Şimdi bu TTB, TBB, TMMOB gibi karanlık odaların boyunun ölçüsünü göreceğiz. Zira “tek yetkili” olma durumları kalkıyor. Dikkat edin, bu odalar ortadan kaldırılmıyor. Tıpkı sendikalarda olduğu gibi farklı birliklerin kurulması sağlanıyor. Partilerin, sendikaların, kasapların, bakkalların bile alternatifi var! Beğenmediğiniz marketin yerine başka markete gidebiliyorsunuz. Ama bu oda ve birlikler alternatifsiz! Bütün doktorlar, avukatlar, mühendisler “çalışma izni” almak için bu odalara mecburlar! Gayr-ı milli oda birlikleri yurtdışına gittiklerinde “Biz tüm doktorları, avukatları, mühendisleri temsil ediyoruz” diyerek devletin verdiği yetkiyle devleti ve milleti karalıyorlardı. Şimdi bu imtiyaz ellerinden gidiyor diye tutuştular, çırpınmalarının tüm sebebi bu!

Karanlık koro hemen “Ülke bölünecek” diye üfürmeye başladı. Aynı koro “Başörtü serbest olursa üniversitelere siyaset girer, ülke bölünür” diyordu. “Bir defolun gidin alçak yalancılar” diyesi geliyor insanın!

Artık kanun daha demokratik hale geliyor. Diyorduk ya “Daha alınacak çok yol var” diye! İşte şimdi o yollardan birine girildi.
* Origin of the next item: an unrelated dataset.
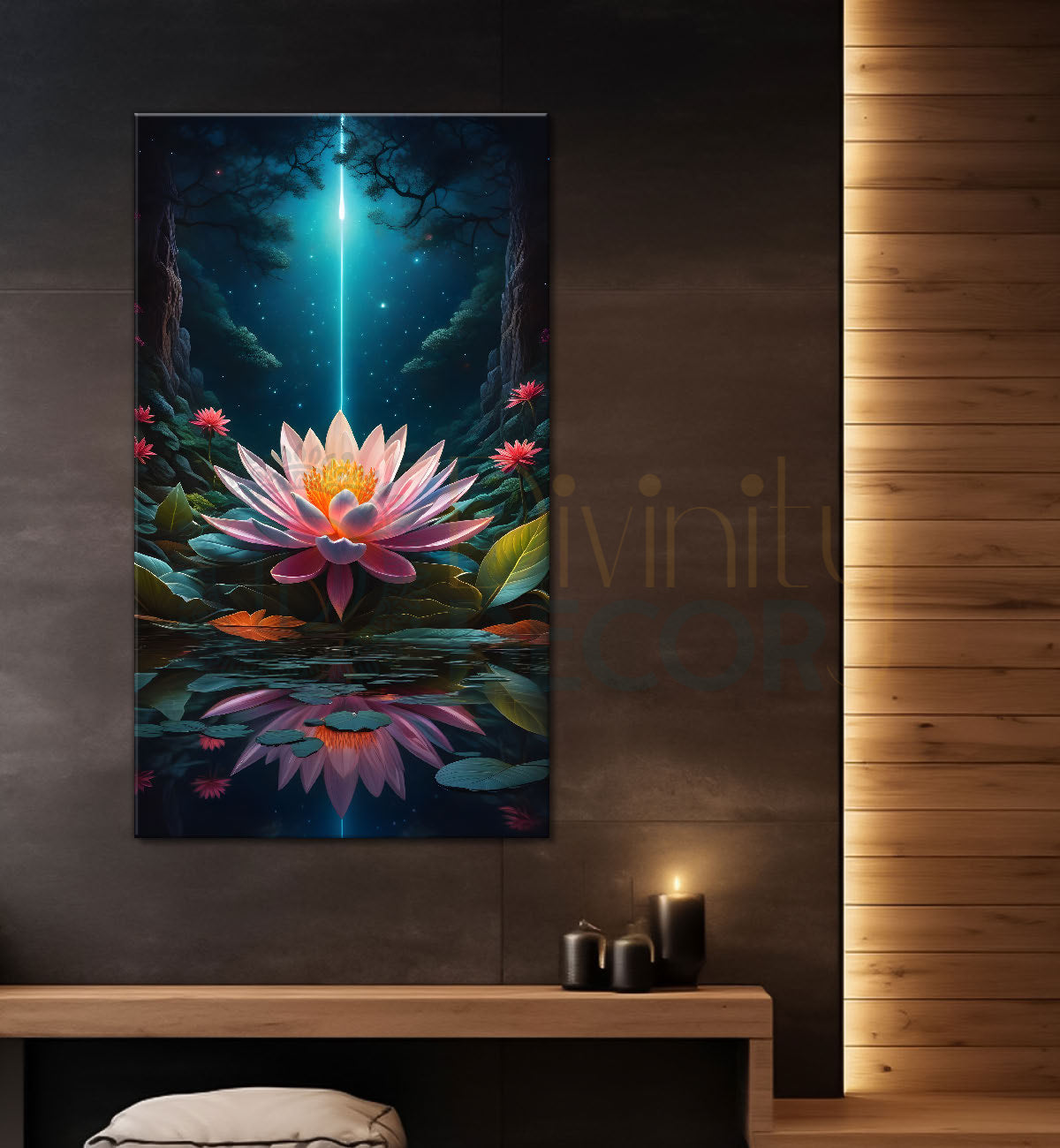 Lotus with cosmic ray with dark textured background painting- Flower-V-225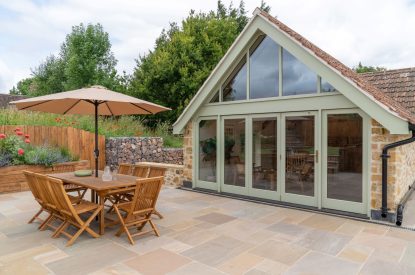 Outdoor dining space at Poppy Cottage, Somerset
Yeni odalar ve birlikler kurulunca Metin Feyzioğlu gibi tiplerin ne kadar “tabansız” olduğu ortaya çıkacak. Zavallı hale bürünecekler. Adeta bir bina yöneticisi, köy derneği başkanı gibi olacaklar. Bina yöneticileri ve köy derneği başkanları onlardan bin kat iyidir, çünkü bu yöneticiler “her katılımcının oyuyla seçilerek” gelirler. Karanlık odaların başkanları seçilerek gelmiyor mu? Şimdi konuyu biraz açalım.

“100 BİN AVUKAT DEĞİL 421 AVUKAT SEÇİYOR”

Türkiye Barolar Birliği’ne 100 bin civarında avukat kayıtlı! TBB Başkanı Metin Feyzioğlu bu 100 bin avukatın oyuyla mı seçiliyor? Yok, kesinlikle hayır! İş siyasete gelince 40-50 milyon insanın oyunu almış Recep Tayyip Erdoğan’a “diktatör” diyeceksin, ama kendin bir avuç azınlık tarafından seçilip demokrasi abidesi kesileceksin! Ne düzüşük bir düzen!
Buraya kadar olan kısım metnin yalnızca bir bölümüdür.